Final answer:
To find the equation for the plane perpendicular to n = [1,-2,4] and passing through q(-4,5,6), use the point-normal form of a plane's equation. Plug the values into the formula 1(x + 4) - 2(y - 5) + 4(z - 6) = 0 and simplify to get the plane's equation x - 2y + 4z + 9 = 0.
Step-by-step explanation:
The student's question is seeking to find an equation for the plane that is perpendicular to n = [1,-2,4] and passes through the point q(-4,5,6). The vector n represents the normal vector to the plane, which gives the direction in which the plane is perpendicular.
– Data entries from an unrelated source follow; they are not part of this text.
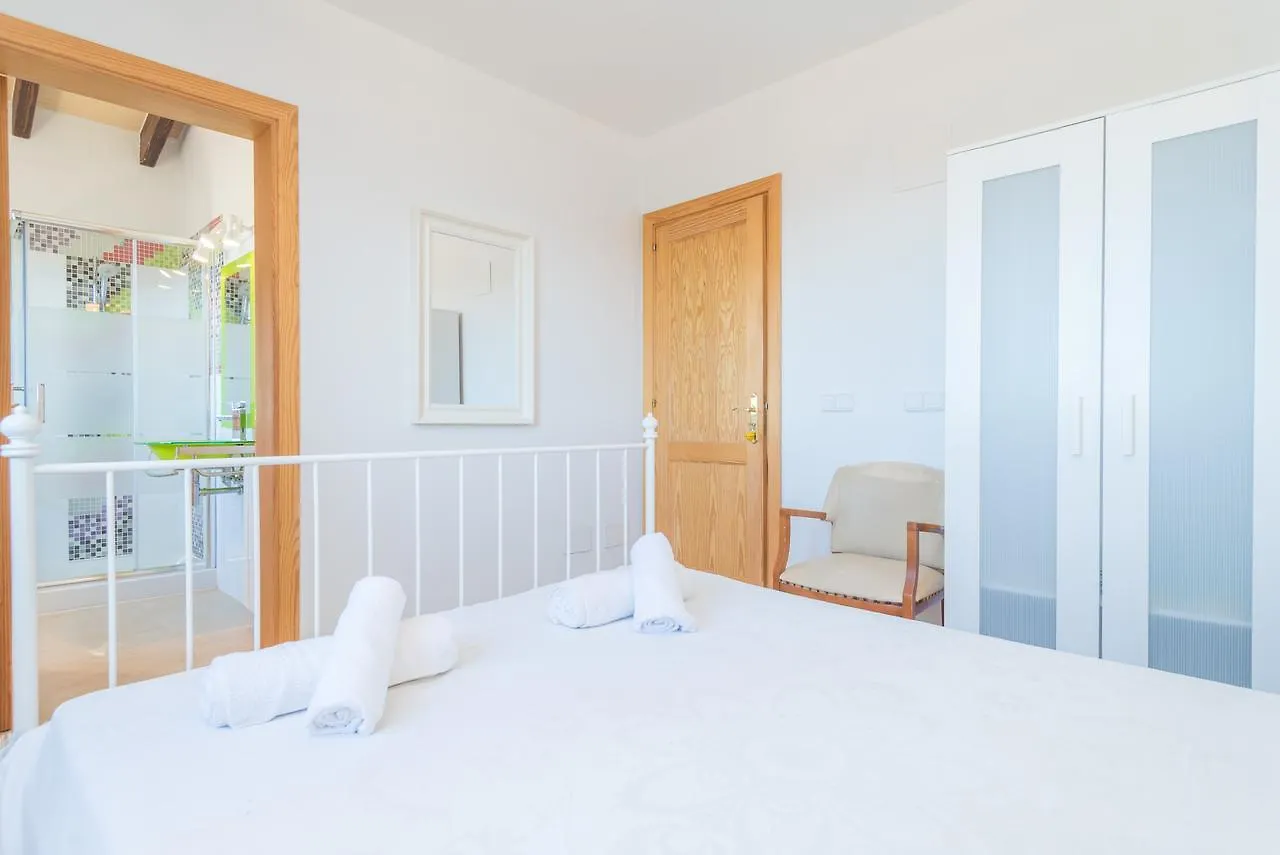Villa Son Pujol Montuiri  Montuiri (Mallorca)
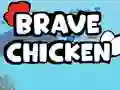 Leikur Brave Chicken á netinu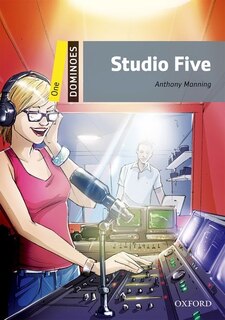 Couverture_Dominoes: Level 1 Studio Five Mp3 Pack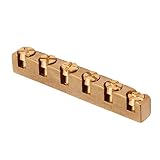 Bass Nut Easy Install Guitar Nut Fine Tuning for Instrument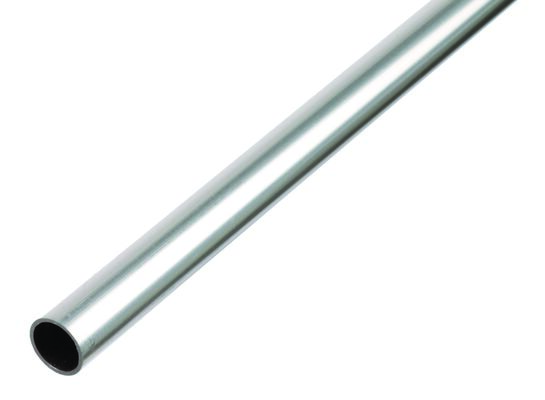 Rura okrągła ALU 1000 x 8 x 1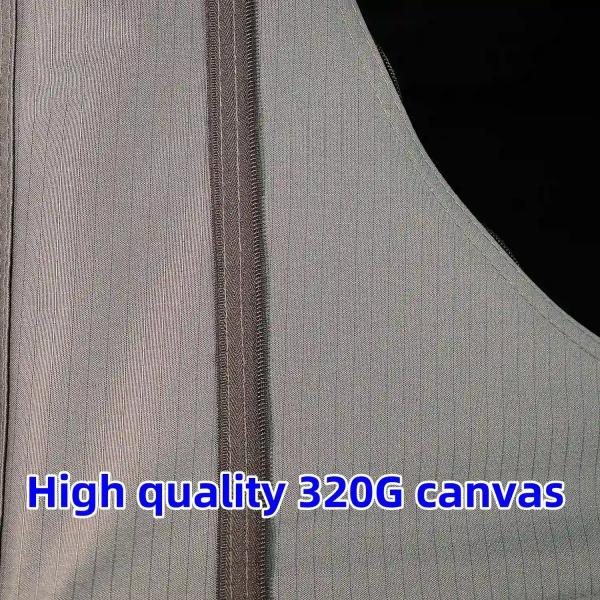 X Bracket Outside Camping Aluminum  Shell Roof Top Tent
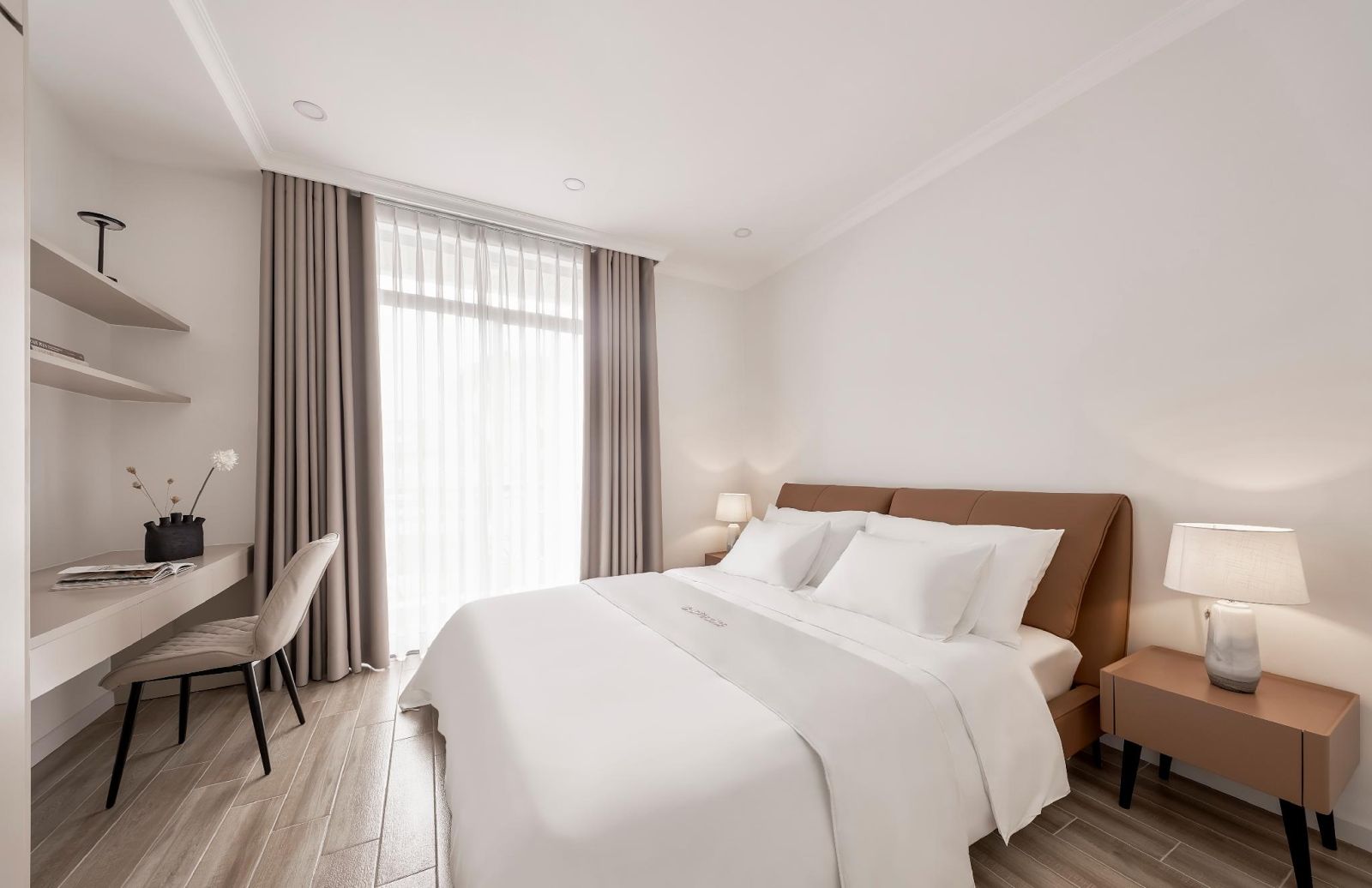 Khách sạn và căn hộ cao cấp Hoàng Dũng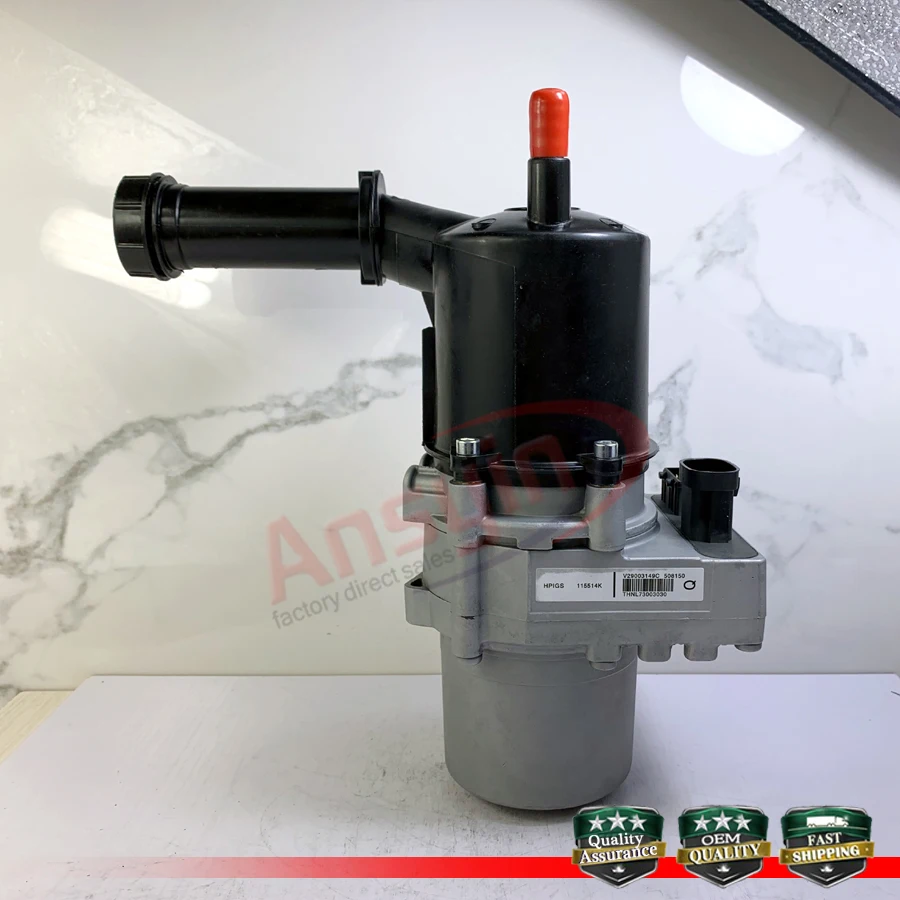 Power Steering Pump For Peugeot 307 307CC 307SW Citroen C4 9653624280 9680987180 9644860880 4007YF 9648744580 9670320380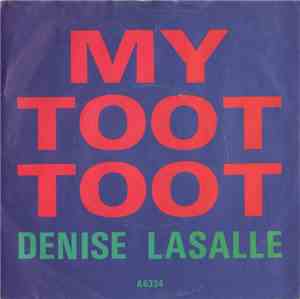 Denise LaSalle - My Toot Toot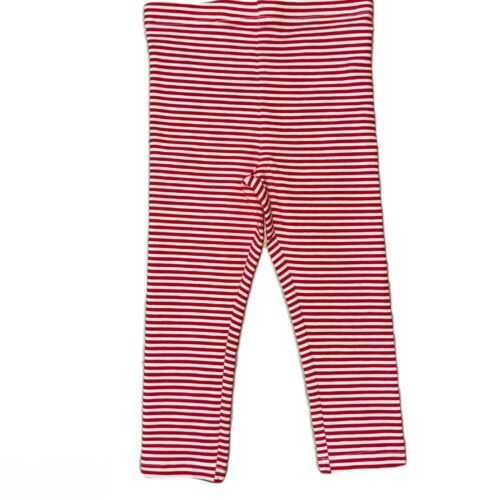 Leggins Primark Rojo Rayas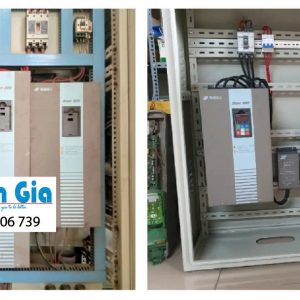 Sửa chữa biến tần Senlan báo lỗi xử lí lỗi lấy liền TP HCM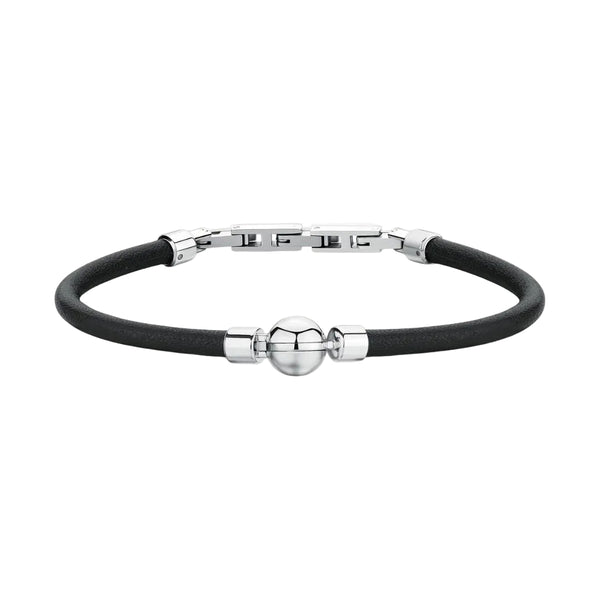 Bracciale Brosway Origin In Pelle Nera BII11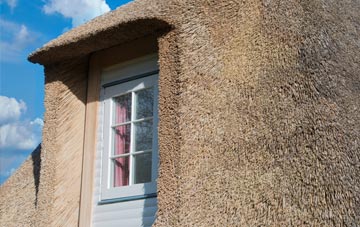 Flitton thatch roof disadvantages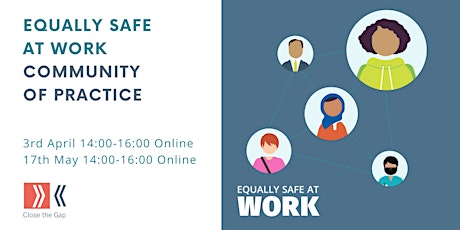 Equally Safe at Work Community of Practice primary image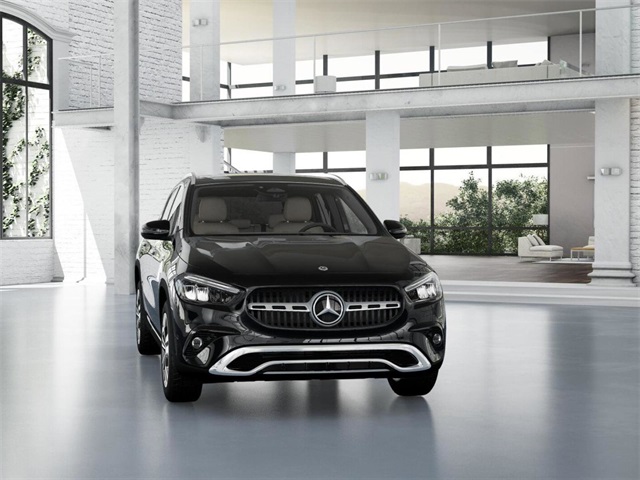 new 2026 Mercedes-Benz GLA car, priced at $49,945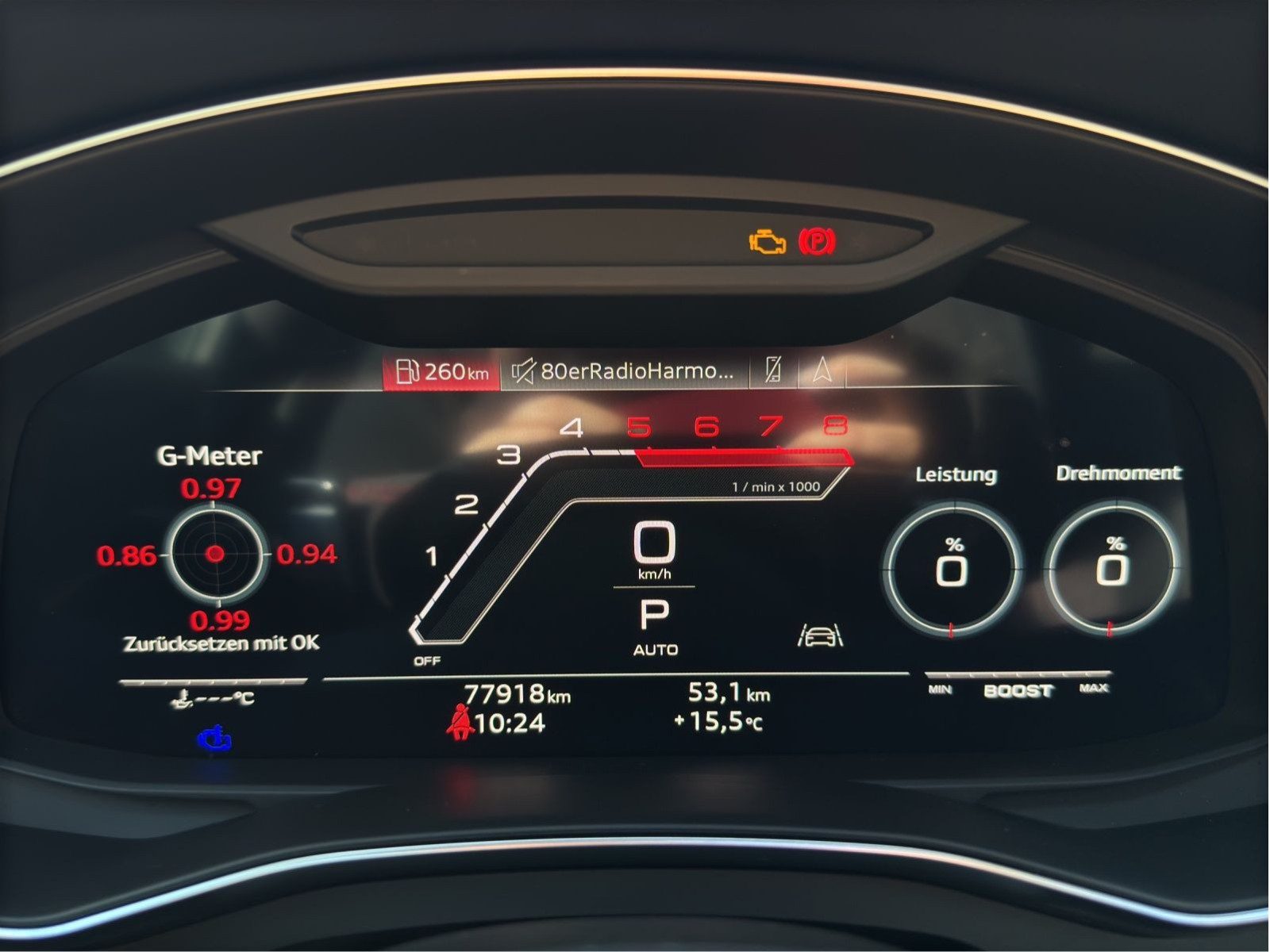 Audi RS 6 Avant – Bild 10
Given a point q and a normal vector n, the equation of the plane can be found using the point-normal form of the equation of a plane.
To write the equation of the plane, we will use the formula:
A(x - x0) + B(y - y0) + C(z - z0) = 0
where (A, B, C) are the components of the normal vector n, and (x0, y0, z0) are the coordinates of the point q the plane passes through.
Using the given normal vector n = [1, -2, 4] and point q(-4, 5, 6), we plug in the values into the formula to get:
1(x + 4) - 2(y - 5) + 4(z - 6) = 0
This simplifies to:
x - 2y + 4z + 9 = 0
This is the equation for the plane that is required.